In the fourth inning, Nick Maldonado came in and quieted Stanford’s bats, allowing one run in three innings. Around that time, Corbin delivered his dugout speech.

“It was just a moment,” he said. “I don’t typically talk to them during the course of the game. But I thought that there were some moments. I went out to the mound to change pitchers, and I didn’t think the eyes looked good. And when I came back in, Browny said the same thing. So just didn’t want to go down — if we were going to lose, we’re going to lose playing aggressively and I just didn’t think we were.

“It was more of a challenge than anything else. First of all, I don’t like doing that. And, second of all, it’s their game. It’s theirs to win or lose, and you don’t ever want to interfere. But at the same time I didn’t feel like they were playing like themselves and we needed to snap out of it. And I’m not saying that discussion had anything to do with what happened. But at that point we just needed to snap out of whatever fog we were in because we were not playing like ourselves.”

Shortly after that, Dominic Keegan crushed a two-run home run to left field. Vanderbilt pulled within a run in the bottom of the sixth inning on Parker Noland’s RBI single but the next inning, Beck arrived and the Commodores’ bats were quiet. Until they were down to the last out.

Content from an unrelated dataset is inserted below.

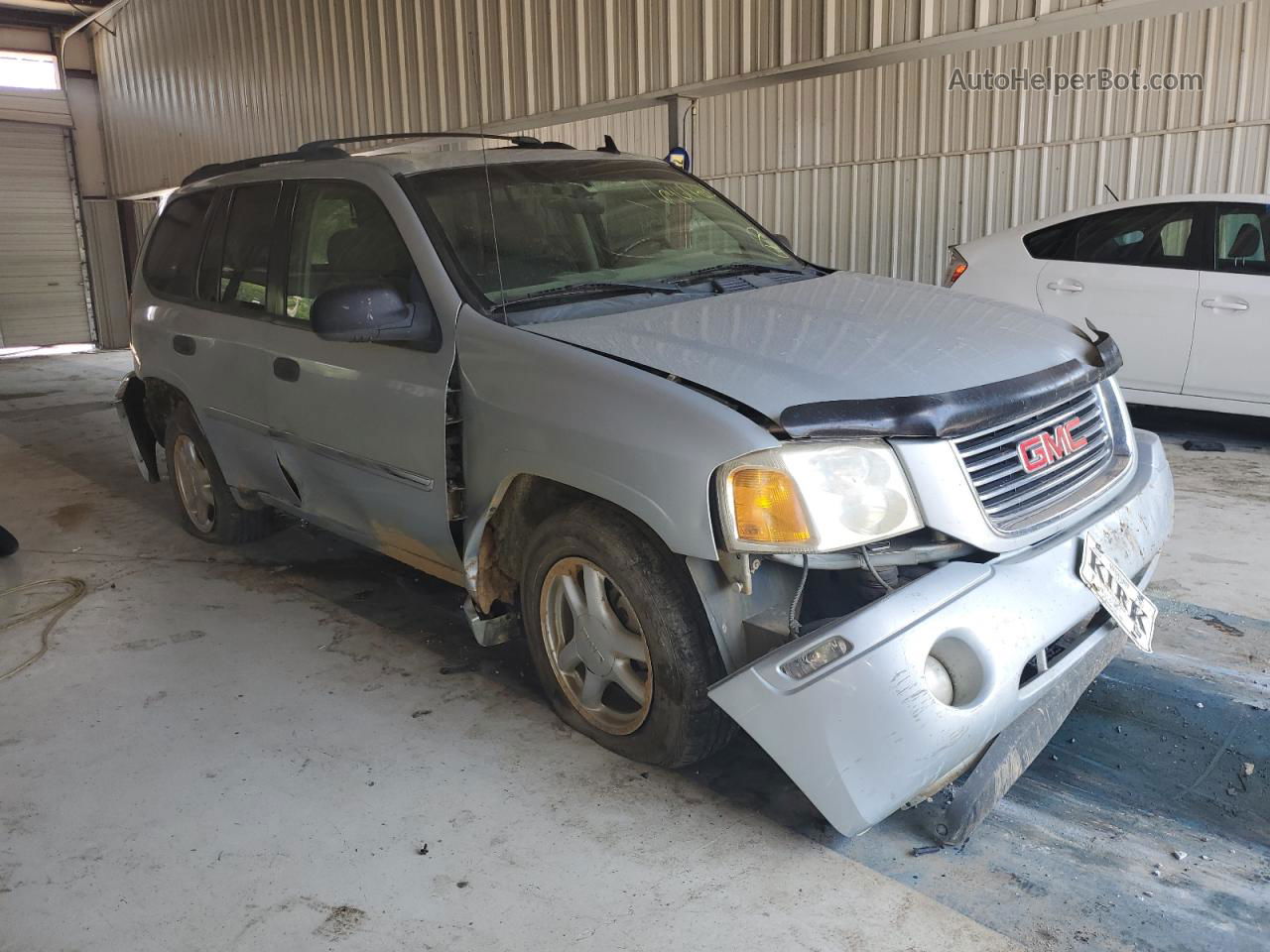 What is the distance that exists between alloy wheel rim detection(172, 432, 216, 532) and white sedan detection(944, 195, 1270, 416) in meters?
4.89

The Commodores can reset now, with Rocker and Leiter available and the nerves of elimination possibly behind them. Rocker will face an NC State team that beat Vanderbilt 1-0 Monday, despite Leiter’s 15 strikeouts.

“We might not be the most talented team,” Corbin said, “but the thing that you can’t deny the kids is they are tough. They’re tough. And every time you challenge them, they come back. And I appreciate that. I appreciate they’re fighters.”